童謡『たなばたさま』に登場する「五色の短冊」は何色を指すのでしょう。5つの色すべて答えられる人は少ないのではないでしょうか?一般的に、「緑(青)」「赤」「黄」「白」「紫(黒)」の5色とされています。5つの色は中国の五行説に由来し、それぞれ「仁・礼・信・義・智」の「五徳」の意味を当てはめた意味を持っています。それぞれの意味は次のとおりです。
- 「緑」・・・徳を積む・人間力を高める
- 「赤」・・・父母・祖先への感謝
- 「黄」・・・知人・友人を大切にする。信頼
- 「白」・・・義務や決まりを守る
- 「紫」・・・学業の向上
それぞれの色にそった願いを短冊に書くと願が届きやすいといわれています。
短冊以外の七夕飾り
七夕祭りなどで目にする笹には、短冊以外もたくさん装飾されていますよね。代表的なものをいくつかご紹介します。

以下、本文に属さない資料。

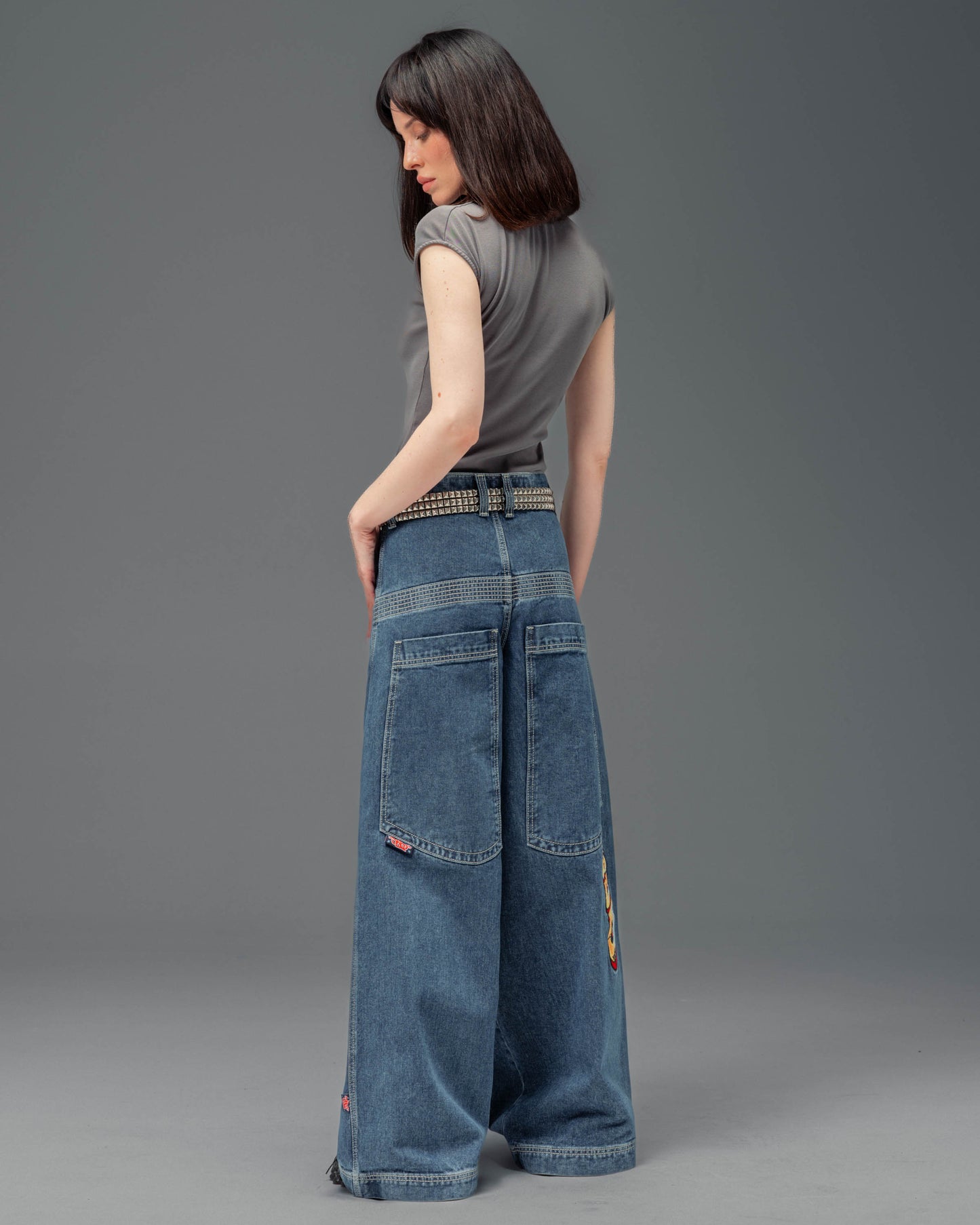 W Battle. 30". Dark Stone.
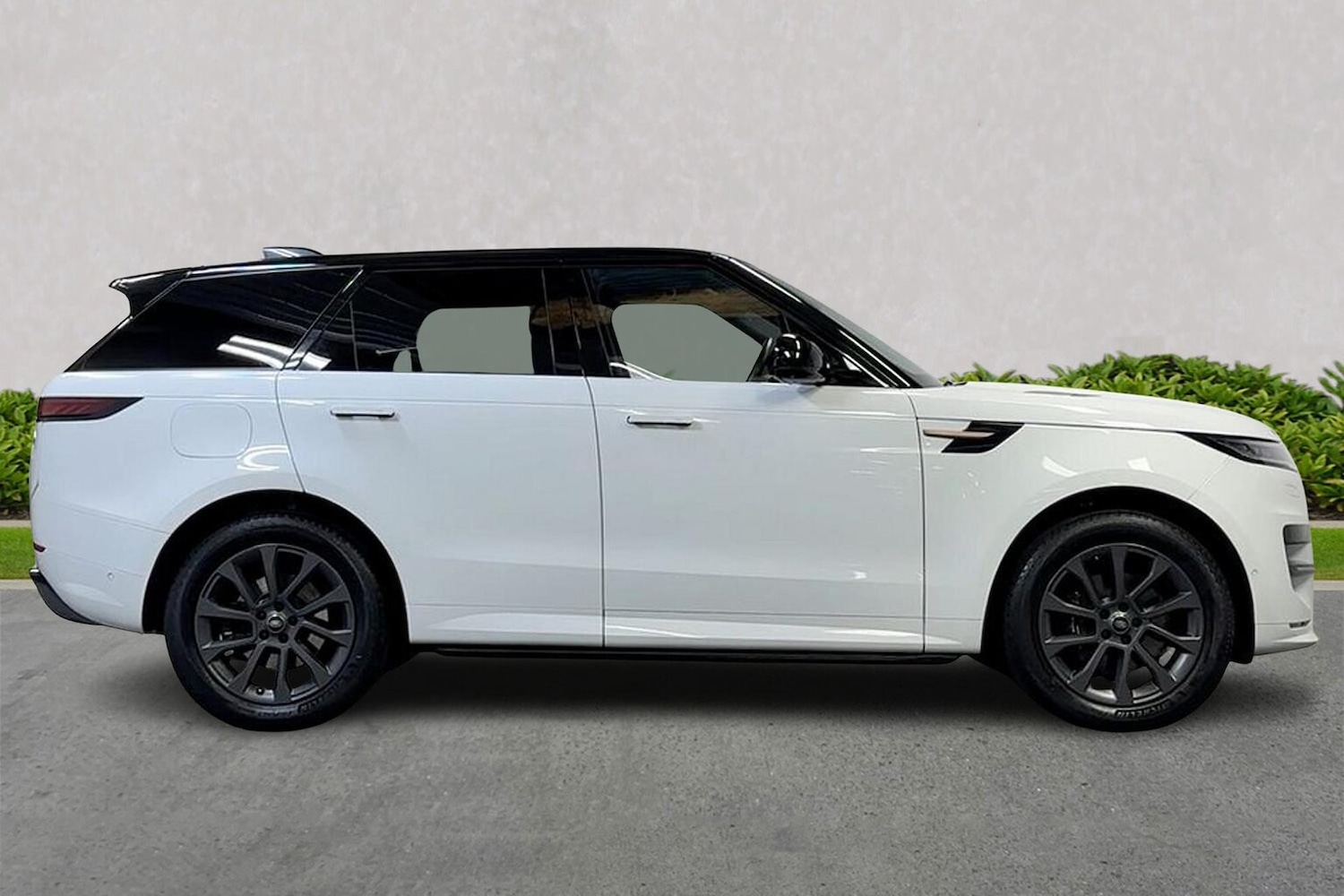 Used Land Rover Range Rover Sport 2023 for sale - 76422408: Photo 3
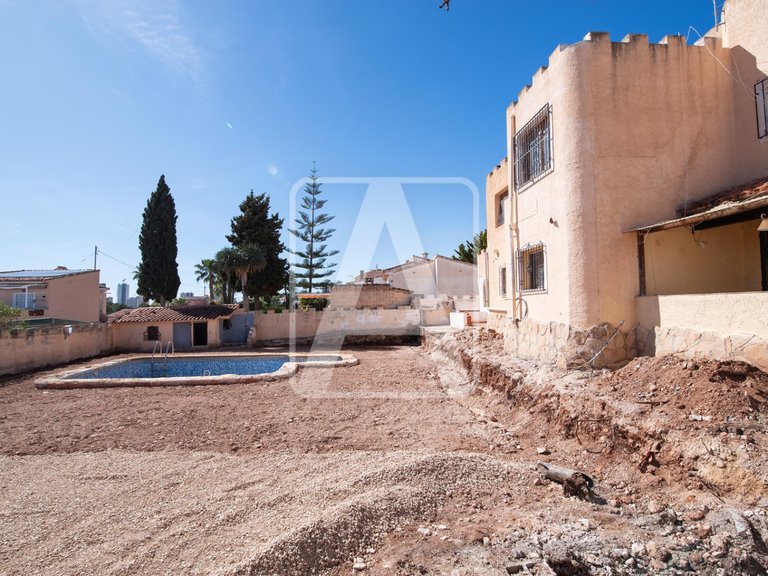 Villa for Sale in Calpe, Alicante 4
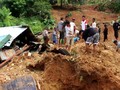 VIDEO: Jalur Terputus, Bantuan Longsor Manggarai Tak Sampai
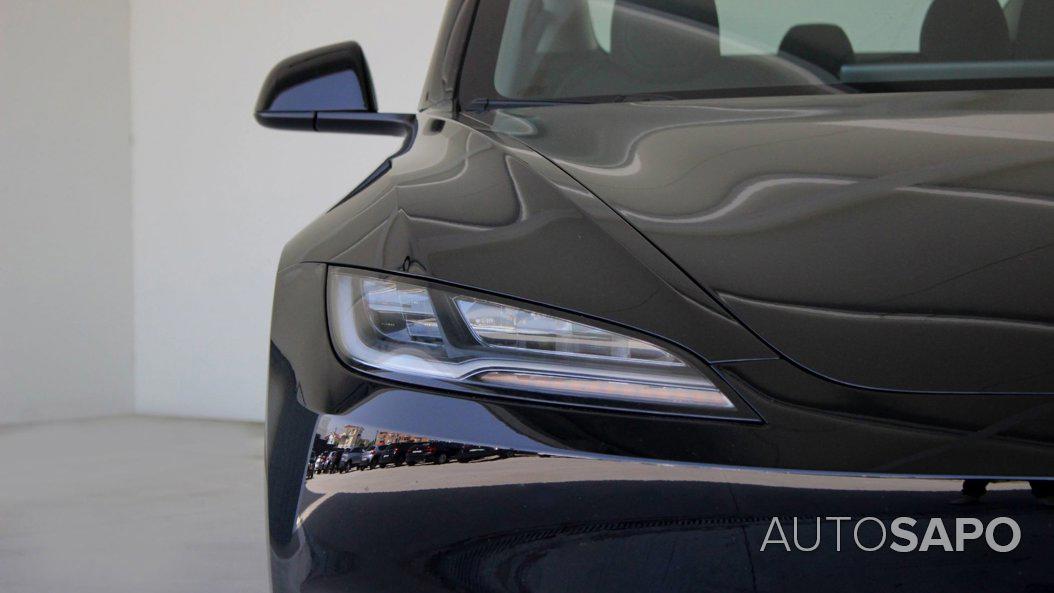 Tesla Model 3 de 2025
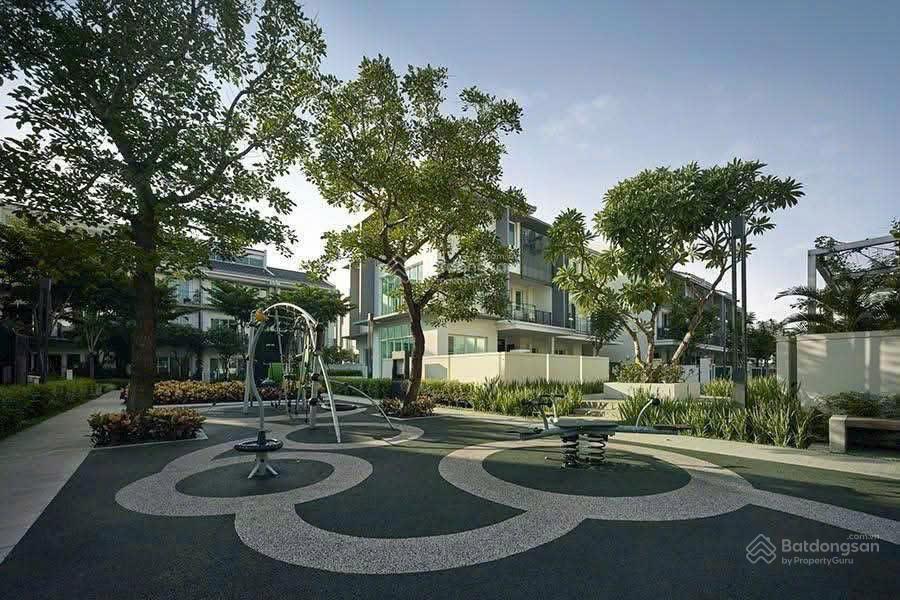 Biệt thự  view vườn hoa  tặng full nội thất nhập  parkcity lê trọng tấn 120m x5t, giá 30ty hơn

織姫様(おりひめさま)が得意な裁縫の腕にあやかりたいと、裁縫や手工芸、技芸の上達を願って飾るのは「紙衣」。子どもが健康に育つようにと形代(かたしろ)として飾ることもあるようです。同じような意味を織糸を模した「吹き流し」も飾ります。
「巾着(きんちゃく)」を飾ることもあります。お金が貯まるように、節約や貯蓄、商売繁盛の願いをかけて飾ります。「網かざり(投網)」は、豊漁を願う飾りです。食べものに困らないように、幸せを絡めとるという意味も込められています。整理整頓の象徴として「屑籠(くずかご)」も飾ります。倹約と清潔にする心を育む願いが込められています。

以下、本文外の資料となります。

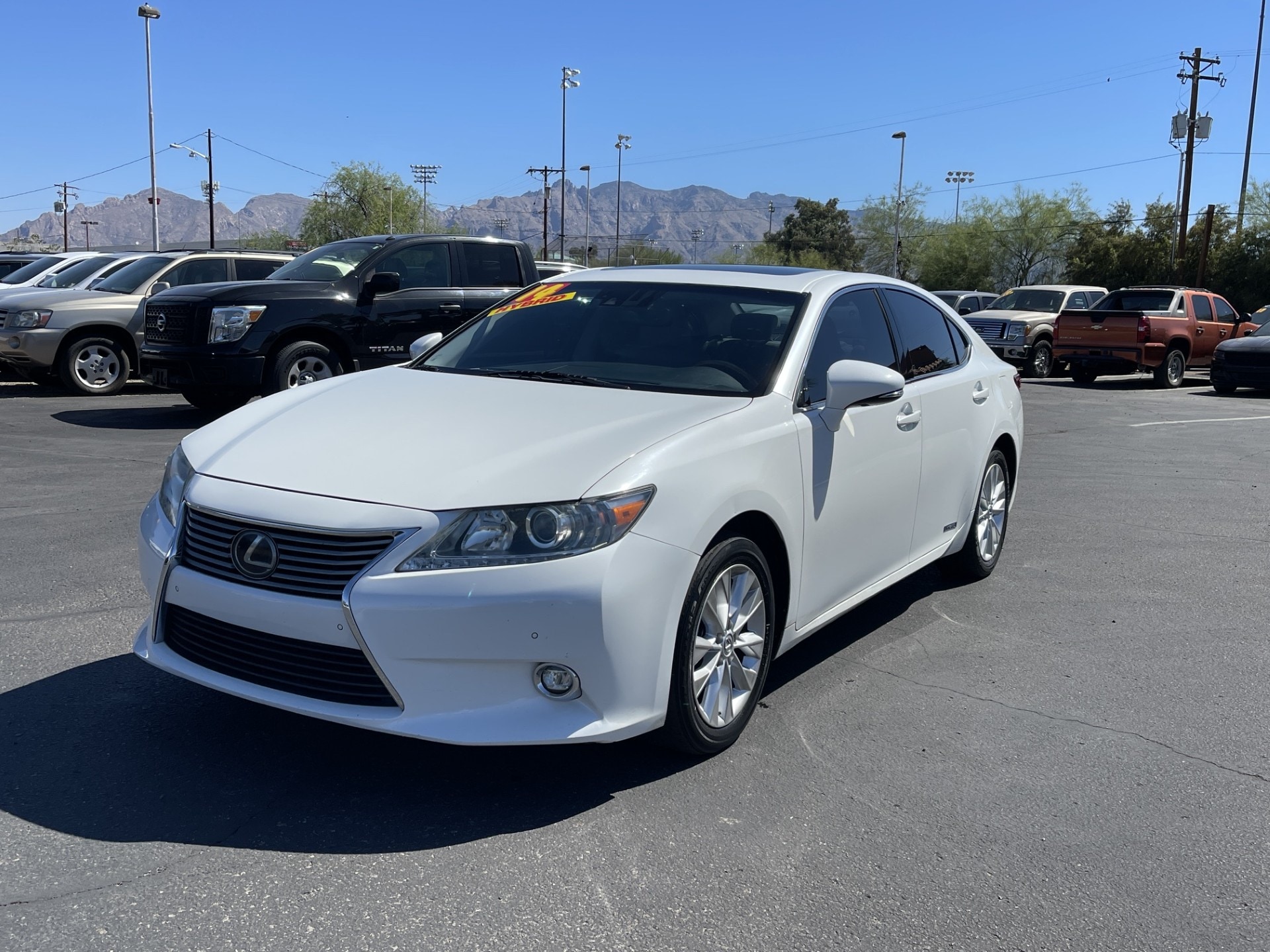 2014 Lexus ES 350 300h's photo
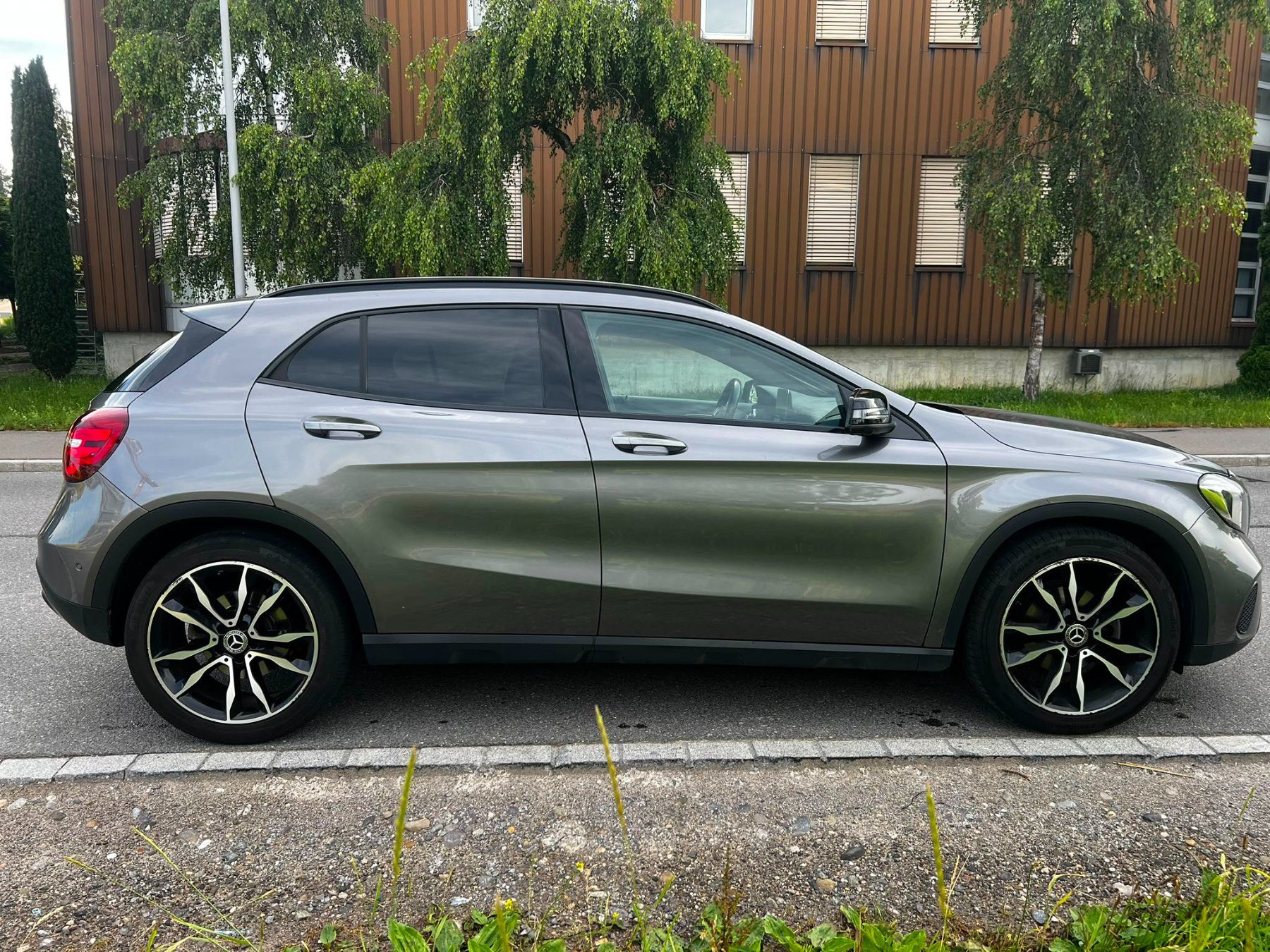 Mercedes-Benz Automobili: Mercedes Benz GLA 200d Night Star – Usato da Obfelden venduto da running_mike 1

他に長寿を願う「折鶴」や願いをつなげる意味を込めた「輪飾り」なども、代表的な七夕飾りです。
笹に飾る意味
「笹(ササ)」の葉には邪気を払う力があるとされ、ここに七夕飾りを装飾することで願いが守られるとされています。いっぽうで、実際の七夕では笹も使えば、「竹(タケ)」も使います。
植物学的な区分では、「笹」は「竹」の仲間ですが、生態が少し異なる植物です。茎(クキ)を包む鞘(サヤ)が剥がれず枯れるまで残るものが「笹」とされ、茎が鞘に包まれてタケノコ状に生えて成長にともない、基部からはずれてクキが裸になるものが「竹」されています。この2種の違いは大きさではありません。

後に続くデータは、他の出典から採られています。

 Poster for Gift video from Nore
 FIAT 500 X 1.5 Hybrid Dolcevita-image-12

ただし、「竹」の仲間であっても「笹」と呼ばれることも多く、同じものを指して「竹」とも、「笹」とも呼ぶことがあります。竹は七夕伝説が発祥した中国をはじめ、アジア各地に自生し、日本の竹はほとんどが中国原産といわれています。いっぽう「笹」は日本原産のものが多く、古来より親しまれてきた植物です。
そのため、とても似通った葉をもつ2つを厳格にわけるのではなく、「笹」と呼んだり、「竹」と呼んだりして七夕にも使われてきたようです。
かつては、川に流したり、庭で燃やしたりして天に願いが届くよう処分することが多かったようですが、現在は環境汚染の問題から、禁止されている地域も多く、伝統は変わりつつあります。
保管しておく場所があるなら、後日七夕飾りをもって神社へ行き、古いお守りやお札を回収して燃やす「お炊き上げ」で、飾りを炊き上げてもらう方法があります。どの神社でも対応できるわけではないので、お炊き上げをしてもらえるのか、どのような形で持ち込むかなどは、事前に各神社に問い合わせてみてください。
もっと手軽な方法は、ゴミに出すこと。塩やお酒をふりかけ、お浄めをしてから短冊は白い紙に包み、笹や竹は細かく切って処分することが多いようです。